§ **Required work**
With the pictures omitted, repeat exactly the lines below starting with the line that has "anya, anyaság, baba-mama, család, gyermeknevelés" and going on through the line that has "Denver Broncos quarterback".

§ **Provided information**
▼

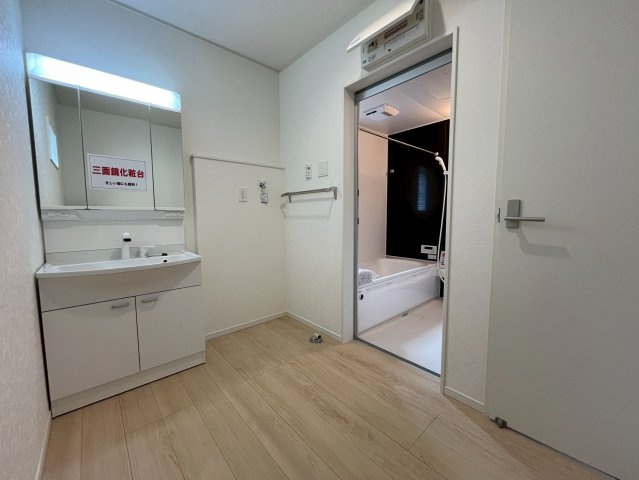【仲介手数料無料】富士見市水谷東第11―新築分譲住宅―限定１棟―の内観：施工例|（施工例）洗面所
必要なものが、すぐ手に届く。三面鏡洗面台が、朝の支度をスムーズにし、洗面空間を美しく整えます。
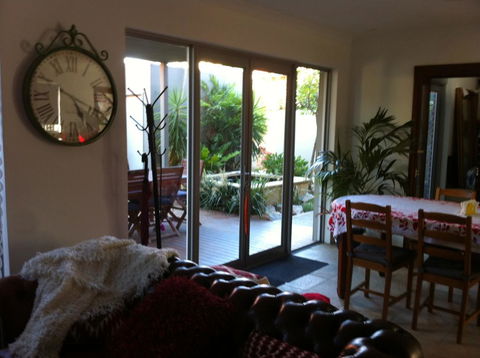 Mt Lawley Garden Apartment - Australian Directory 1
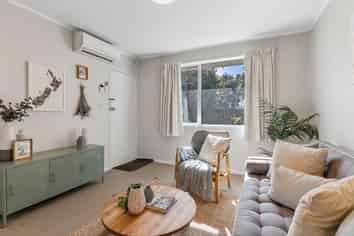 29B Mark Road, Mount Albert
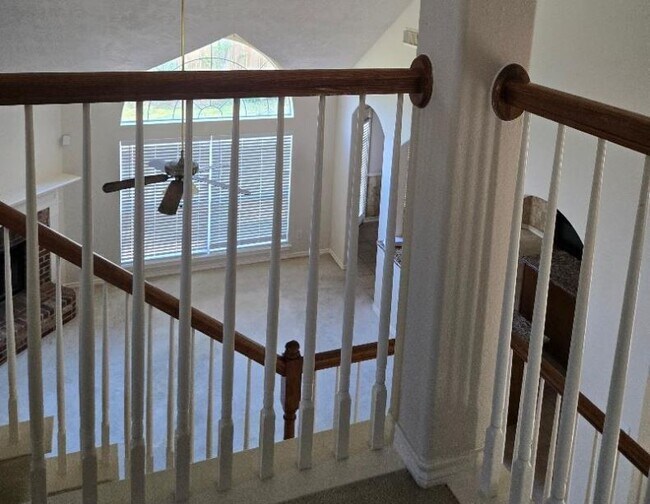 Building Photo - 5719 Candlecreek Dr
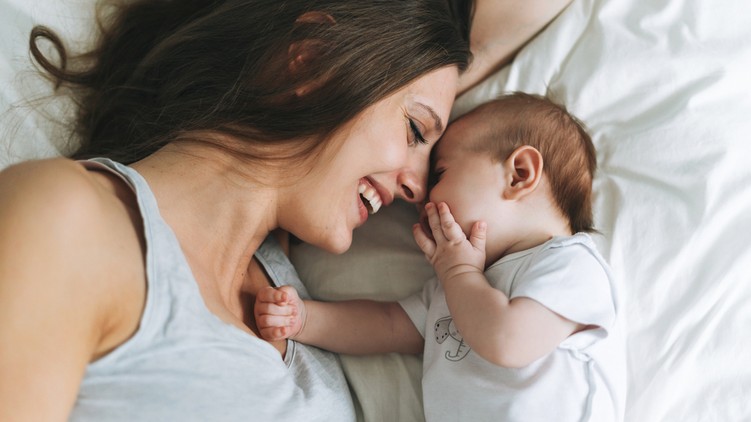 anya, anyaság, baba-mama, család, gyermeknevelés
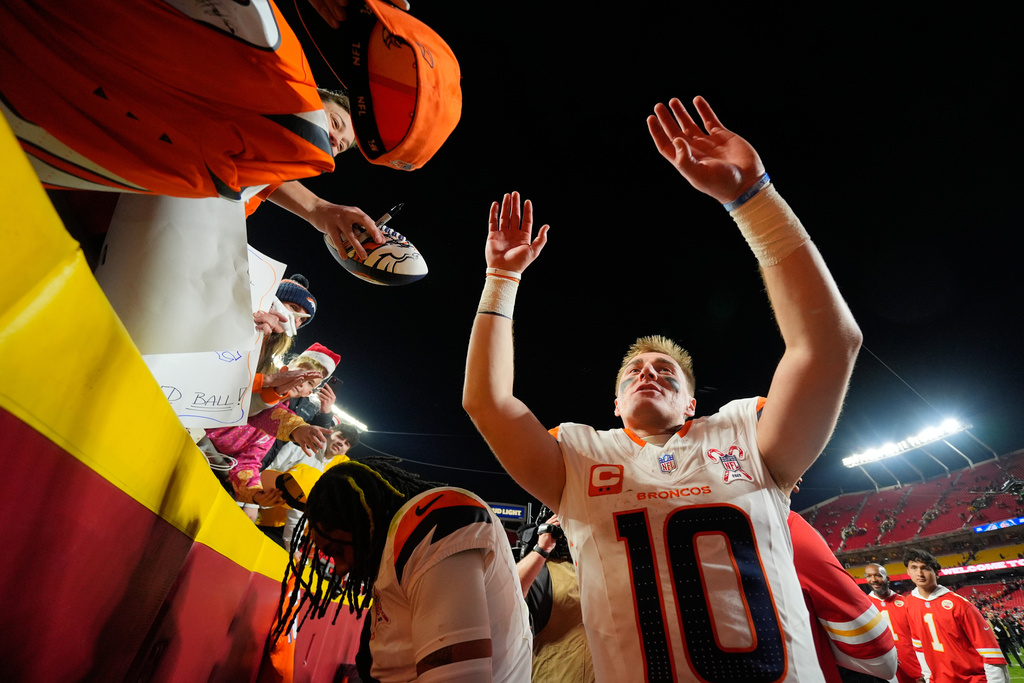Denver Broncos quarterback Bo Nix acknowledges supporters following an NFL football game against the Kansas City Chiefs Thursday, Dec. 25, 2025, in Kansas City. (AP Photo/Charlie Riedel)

▲
▼

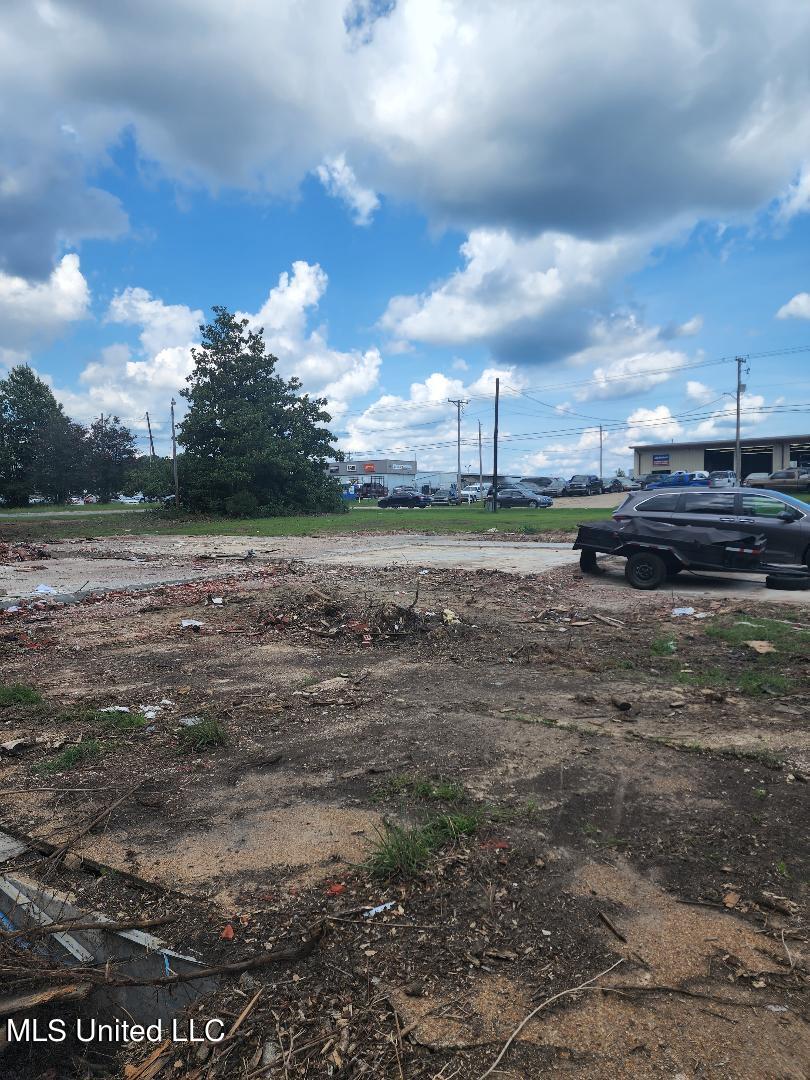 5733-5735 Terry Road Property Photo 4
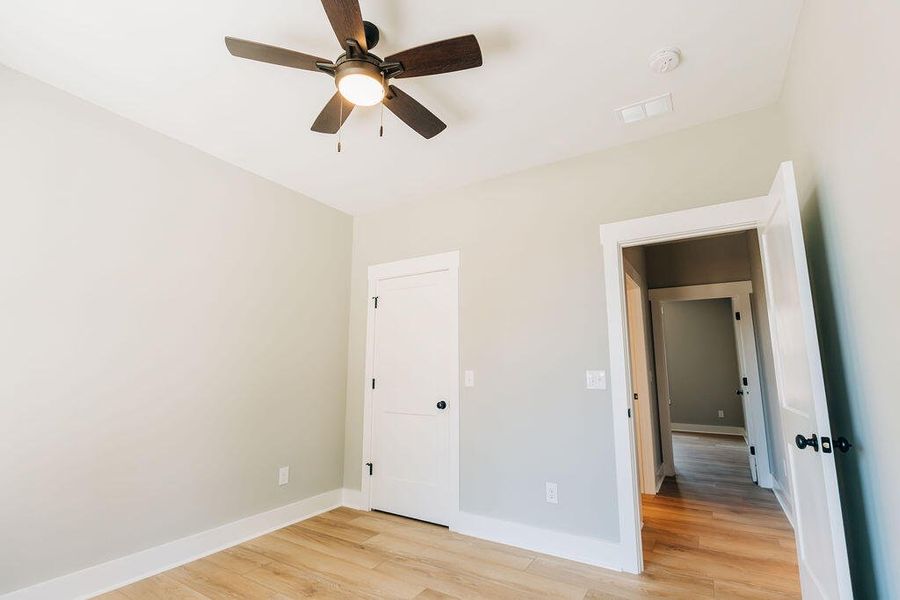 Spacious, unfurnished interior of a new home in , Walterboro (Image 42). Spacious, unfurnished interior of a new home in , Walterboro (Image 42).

▲

§ **Response**
 anya, anyaság, baba-mama, család, gyermeknevelés
Denver Broncos quarterback Bo Nix acknowledges supporters following an NFL football game against the Kansas City Chiefs Thursday, Dec. 25, 2025, in Kansas City. (AP Photo/Charlie Riedel)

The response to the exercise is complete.